With big swings in housing related trends over the past decade, long term patterns are called into question. When a long term trend seemingly changes direction, it is reasonable to point it out. As I opined previously [1], the housing industry often defaults to linear thinking. It’s not enough to point out a trend, it is better to proclaim that the trend will run indefinitely because consumer tastes have changed.

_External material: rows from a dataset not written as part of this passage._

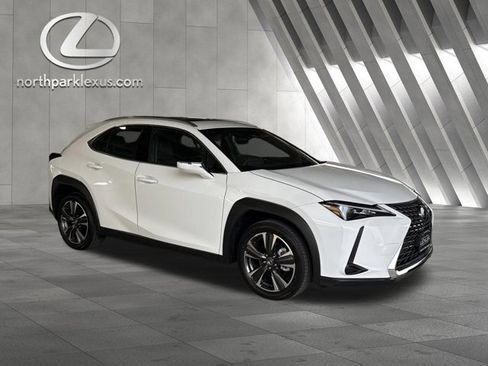 Certified 2026 Lexus UX 300h FWD w/ Accessory Package (Z2) image 5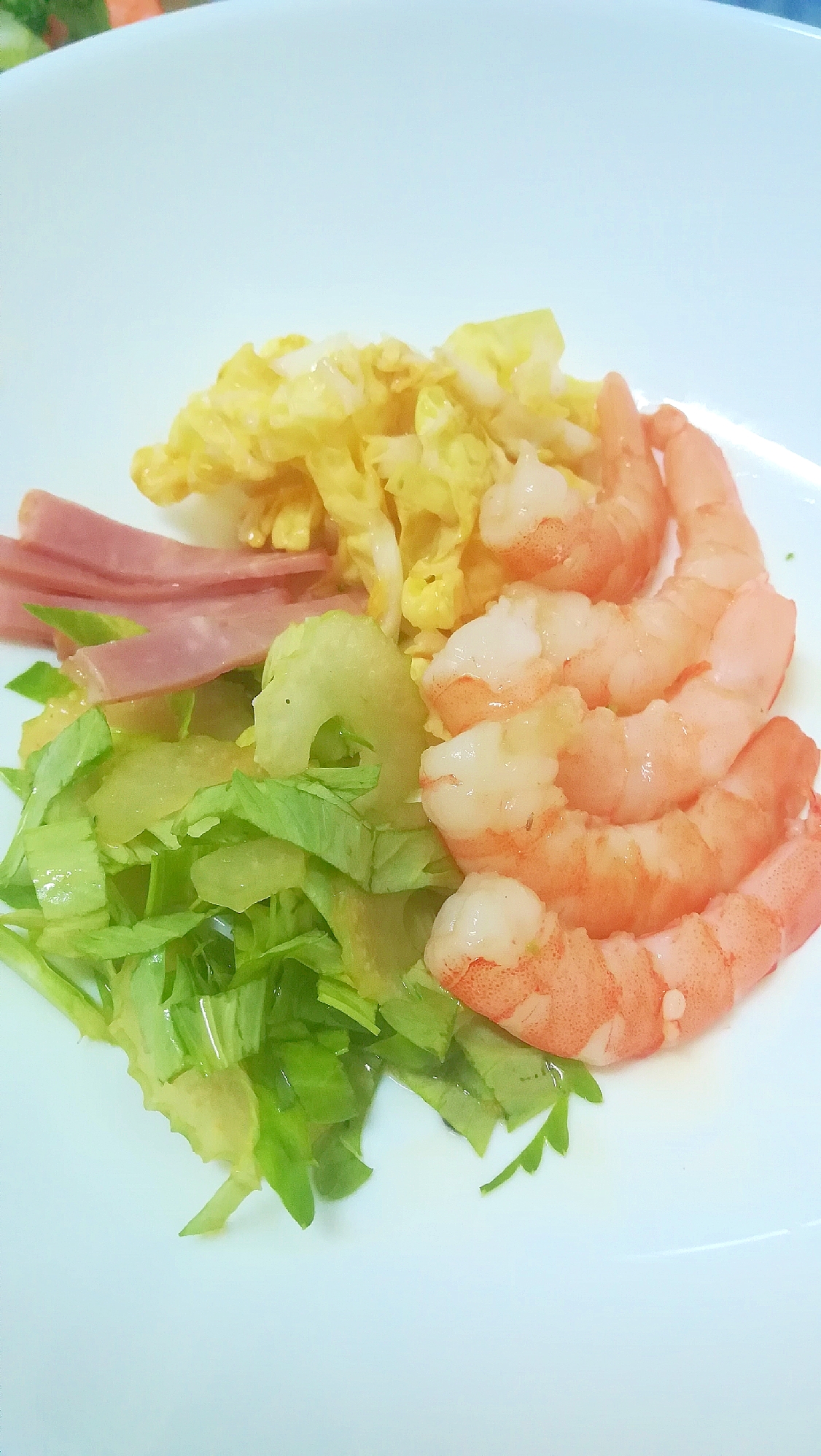 バナメイエビとハムと白菜とセロリのサラダ レシピ 作り方 By みずたまsweet 楽天レシピ バナメイエビとハムと白菜とセロリのサラダ レシピ 作り方 By みずたまsweet 楽天レシピ
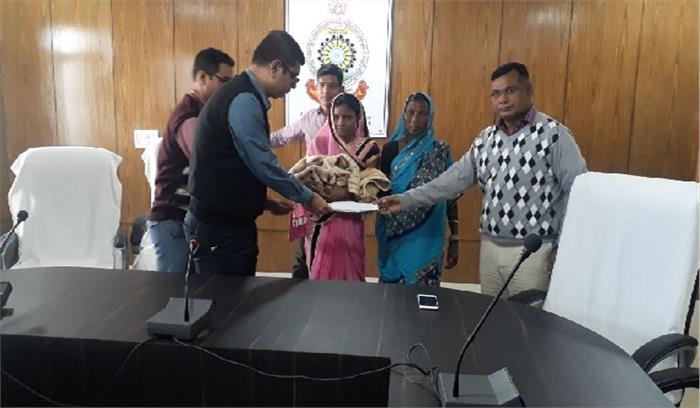 मृतक के परिवार को दी सहायता राशि मृतक के परिवार को दी सहायता राशि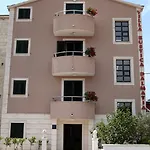Lejlighed Rustica Dalmatia
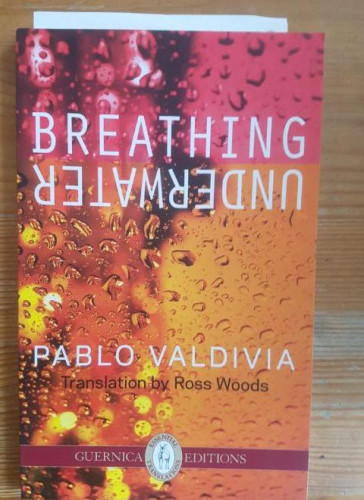 Portada del libro de Breathing Underwater: Selected Poems (Essential Translations Series)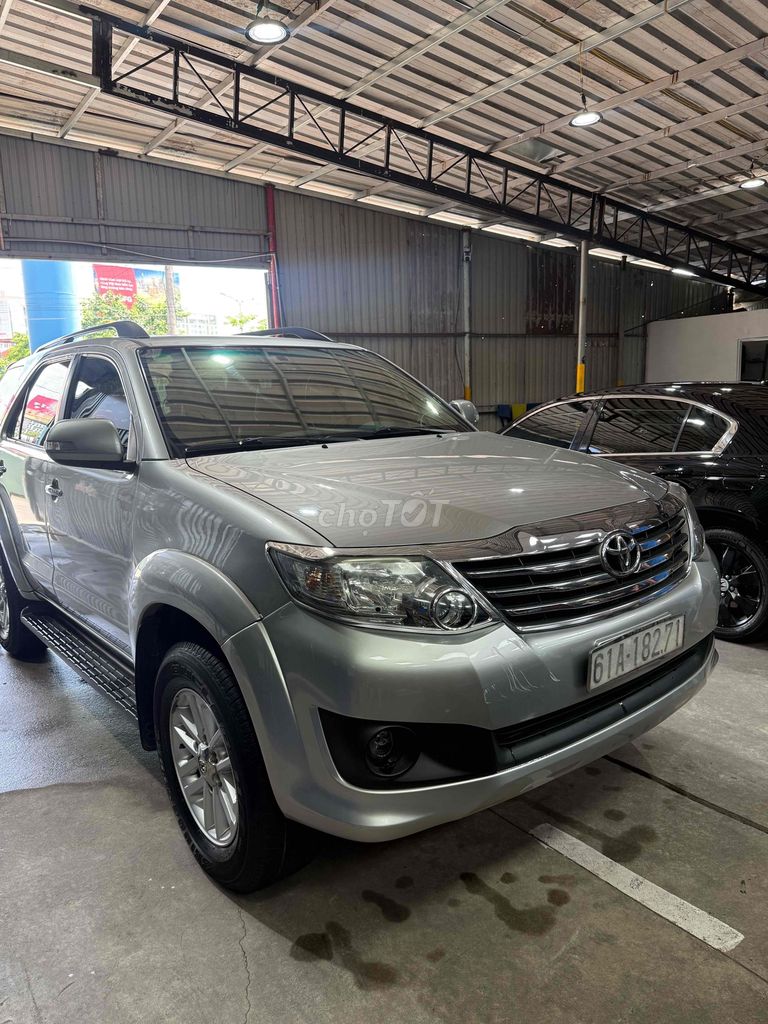 Toyota Fortuner - ảnh 4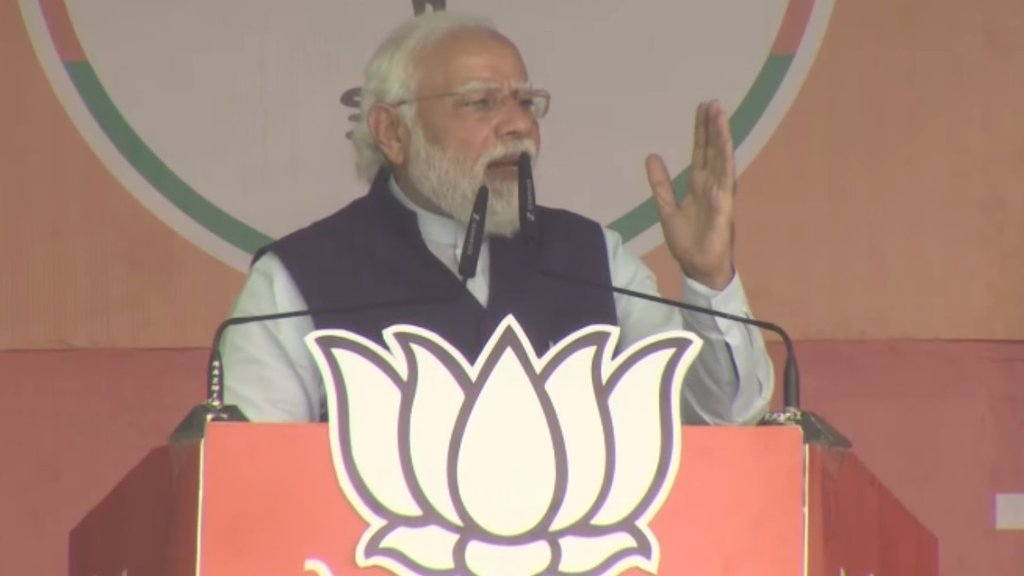 उत्तरप्रदेश के अमेठी की जनसभा में प्रधानमंत्री मोदी (फोटो: ट्विटर/ BJP4India)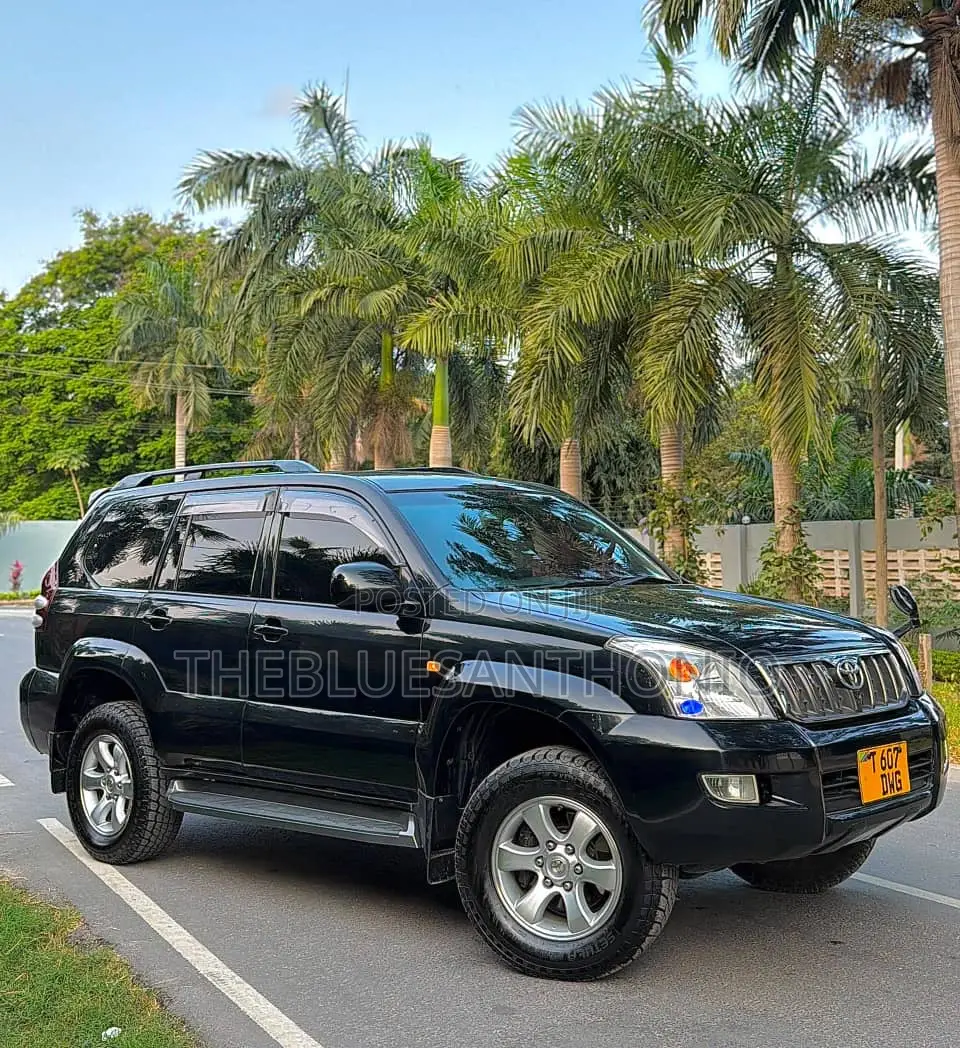 Toyota Land Cruiser Prado 2006 Black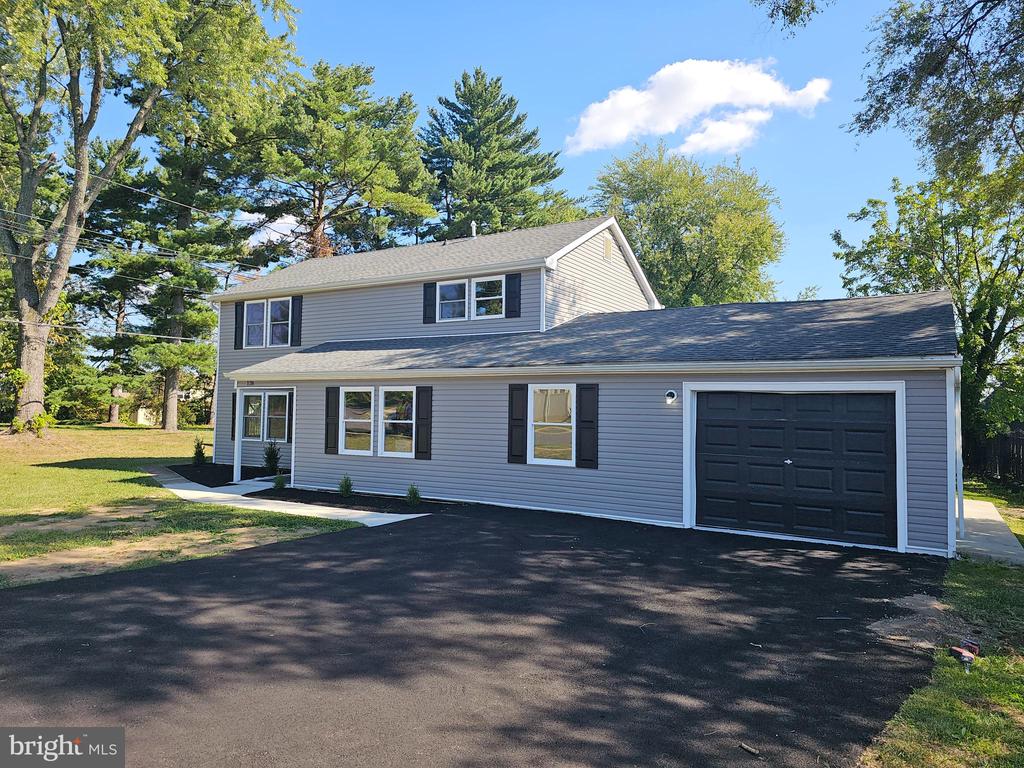 126 Hampshire Ln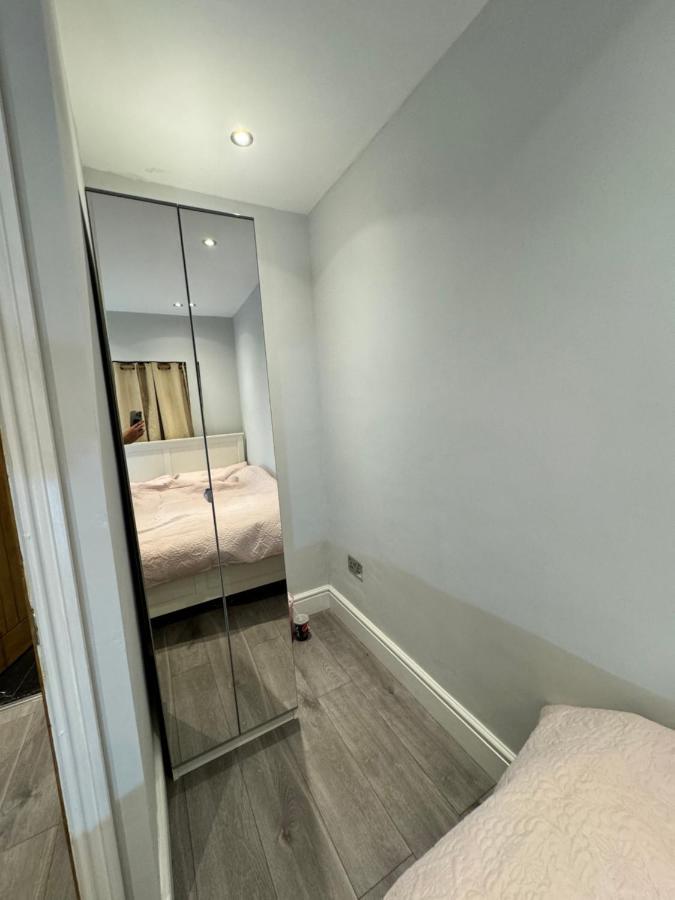1 Bed With Kitchenette And Bathroom 牛津 外观 照片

Here are a few examples of trends in the US housing market that are not trends:

Average New Home Sale Size

matrixSQFT-6-9-14 [2]

[click to expand]

When the housing bubble popped in 2006, shortly after it was pronounced that the multi-decades long trend would reverse it self. Yet the change was a purely short term economic shift as the entry level surged with the sharp decline in mortgage rates. After a few years, the trend of expanding sizes resumed. I’m not saying that the trend will run indefinitely larger, but it is important to look at why the average square foot began to fall in the first place. A harsh economic condition with a rapid rise in affordability prompted in a shift in the mix. And remember, this highly referenced metric reflects new homes which is only about 15% of normalized housing sales.

Here is the housing conversation on home sizes from 2007-2011 [3].

Home Ownership matrixHO-6-9-14 [4]

[click to expand]

Perhaps one of the largest misinterpretations of consumer trends has been on the subject of homeownership. As is evident in the chart, the heavily documented push to higher homeownership played was a sudden burst rather than a long term gradual change. The surge in the trend was artificial, based on fraud and unsustainably loose credit conditions that where based on NOTHING. With the multiyear decline, we are beating ourselves up over the decline in the homeownership rate yet we are reverting to the mean since credit is unusually tight. In fact the median homeownership rate of 64.8 over the past 49 years is exactly where we are right now in 1Q14. Will the market overcorrect towards rental? Yes I believe it will until tight credit conditions resume to more historic norms.

Here’s terrific takedown of the homeownership metric [5] by Jed Kolko, Chief Economist at Trulia.

Will the US become a nation of renters and micro-houses? If one makes those arguments out over the long term, I don’t know what compelling information those trends would be based on.